AutoWebWorld: Synthesizing Infinite Verifiable Web Environments via Finite State Machines

Yifan Wu,Yiran Peng,Yiyu Chen,Jianhao Ruan,Zijie Zhuang,Cheng Yang,Jiayi Zhang,Man Chen,Yenchi Tseng,Zhaoyang Yu,Liang Chen,Yuyao Zhai,Bang Liu,Chenglin Wu,Yuyu Luo

The performance of autonomous Web GUI agents heavily relies on the quality and quantity of their training data. However, a fundamental bottleneck persists: collecting interaction trajectories from real-world websites is expensive and difficult to verify. The underlying state transitions are hidden, leading to reliance on inconsistent and costly external verifiers to evaluate step-level correctness. To address this, we propose AutoWebWorld, a novel framework for synthesizing controllable and verifiable web environments by modeling them as Finite State Machines (FSMs) and use coding agents to translate FSMs into interactive websites. Unlike real websites, where state transitions are implicit, AutoWebWorld explicitly defines all states, actions, and transition rules. This enables programmatic verification: action correctness is checked against predefined rules, and task success is confirmed by reaching a goal state in the FSM graph. AutoWebWorld enables a fully automated search-and-verify pipeline, generating over 11,663 verified trajectories from 29 diverse web environments at only $0.04 per trajectory. Training on this synthetic data significantly boosts real-world performance. Our 7B Web GUI agent outperforms all baselines within 15 steps on WebVoyager. Furthermore, we observe a clear scaling law: as the synthetic data volume increases, performance on WebVoyager and Online-Mind2Web consistently improves.

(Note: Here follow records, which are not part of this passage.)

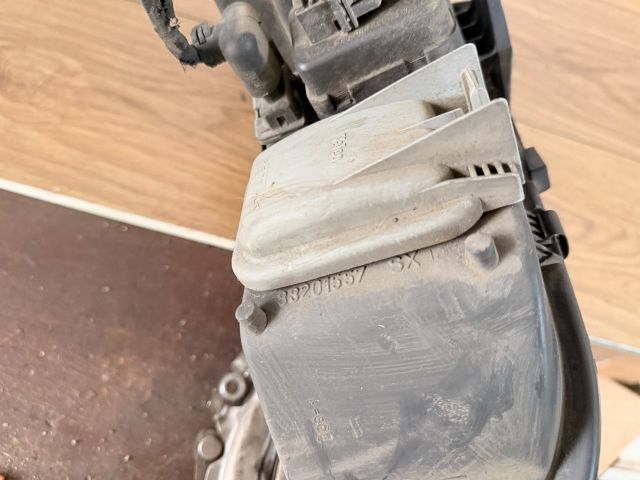 bontott FIAT BRAVO Bal Fényszóró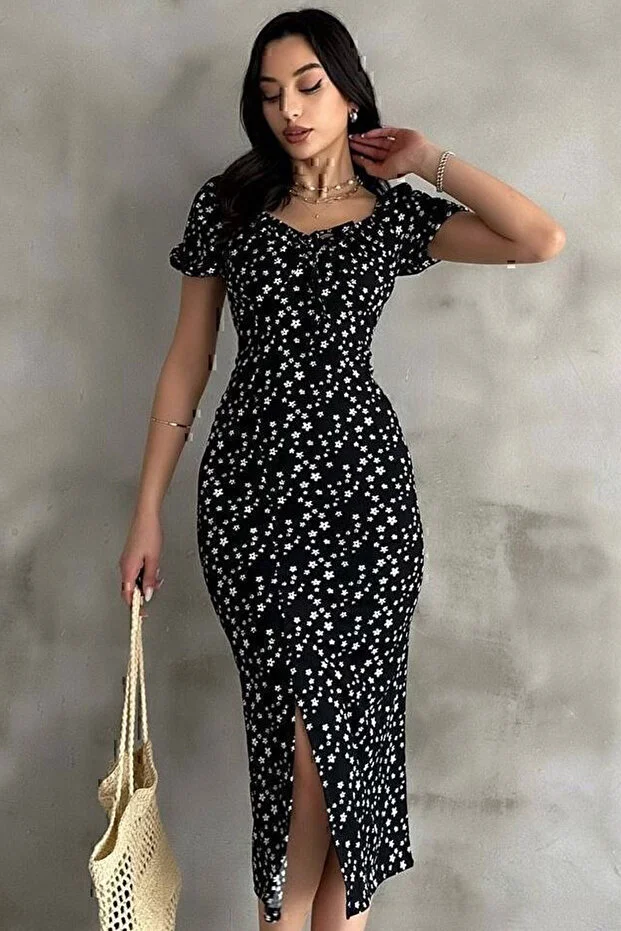 Lastikli U Kare Yakalı Kısa Kollu Fit Kalıp Kurdelalı Likralı Çiçek Desen Yırtmaçlı Diz Altı Elbise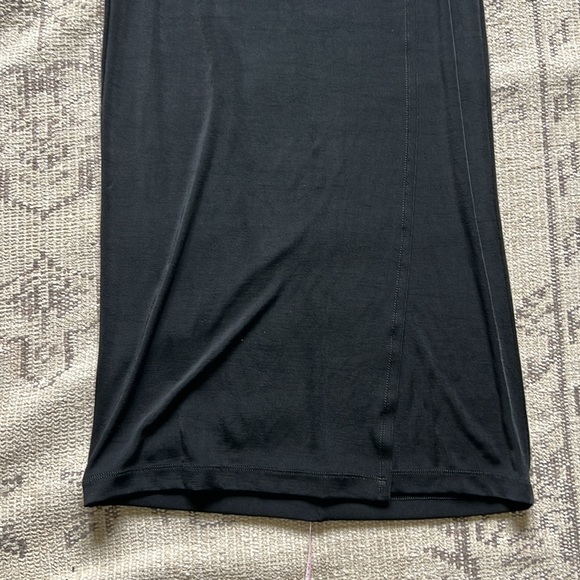 Vertical Paris black long wrap skirt with elastic waist - Picture 5 of 9
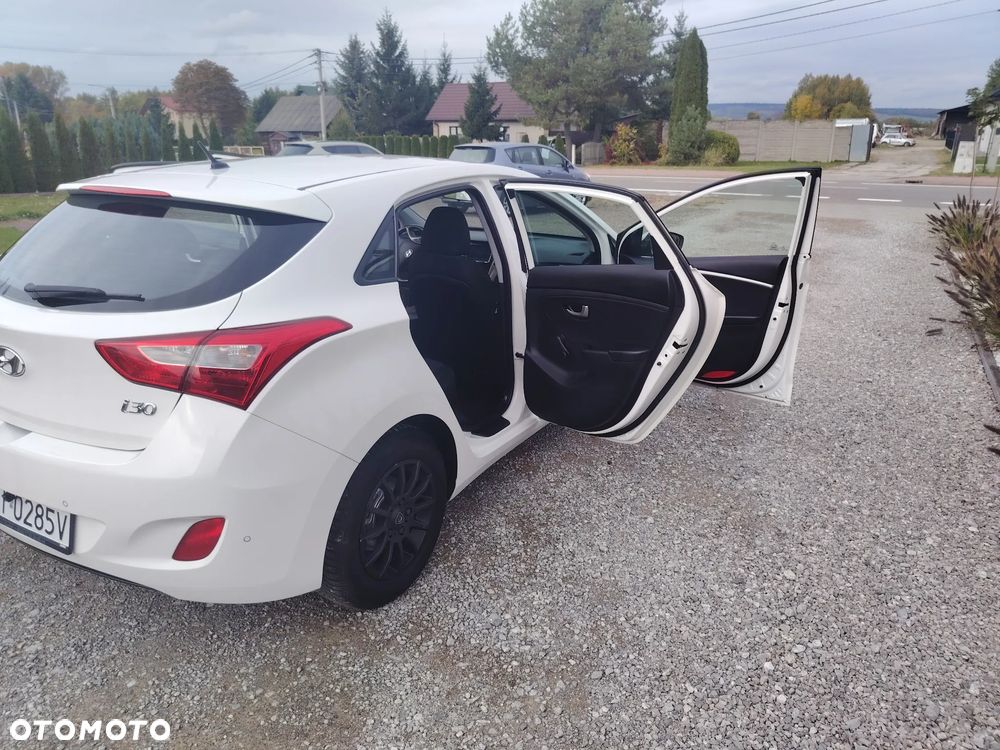 Hyundai i30 - 16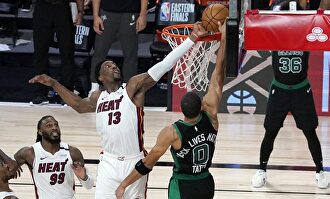 Brutal tapón de Adebayo a Tatum: entre los mejores de todos los tiempos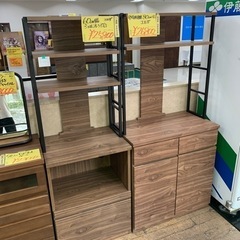 収納シェルフ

翻译：自主Web GUI智能体的性能在很大程度上依赖于其训练数据的质量与数量。然而，一个根本性瓶颈始终存在：从真实网站收集交互轨迹成本高昂且难以验证。底层的状态转移是隐藏的，导致需要依赖不一致且昂贵的外部验证器来评估步骤级正确性。为解决这一问题，我们提出了AutoWebWorld，这是一个通过将Web环境建模为有限状态机（FSM）并利用编码智能体将FSM转化为交互式网站，从而合成可控且可验证的Web环境的新颖框架。与真实网站中状态转移是隐式的不同，AutoWebWorld明确定义了所有状态、动作及转移规则。这使得程序化验证成为可能：动作正确性根据预定义规则进行检查，任务成功则通过到达FSM图中的目标状态来确认。AutoWebWorld实现了一个全自动的搜索-验证流程，仅以每条轨迹0.04美元的成本，从29个多样化的Web环境中生成了超过11,663条已验证轨迹。在此合成数据上进行训练能显著提升真实世界的性能。我们的7B参数Web GUI智能体在WebVoyager基准上于15步内超越了所有基线方法。此外，我们观察到一个清晰的缩放规律：随着合成数据量的增加，在WebVoyager和Online-Mind2Web上的性能持续提升。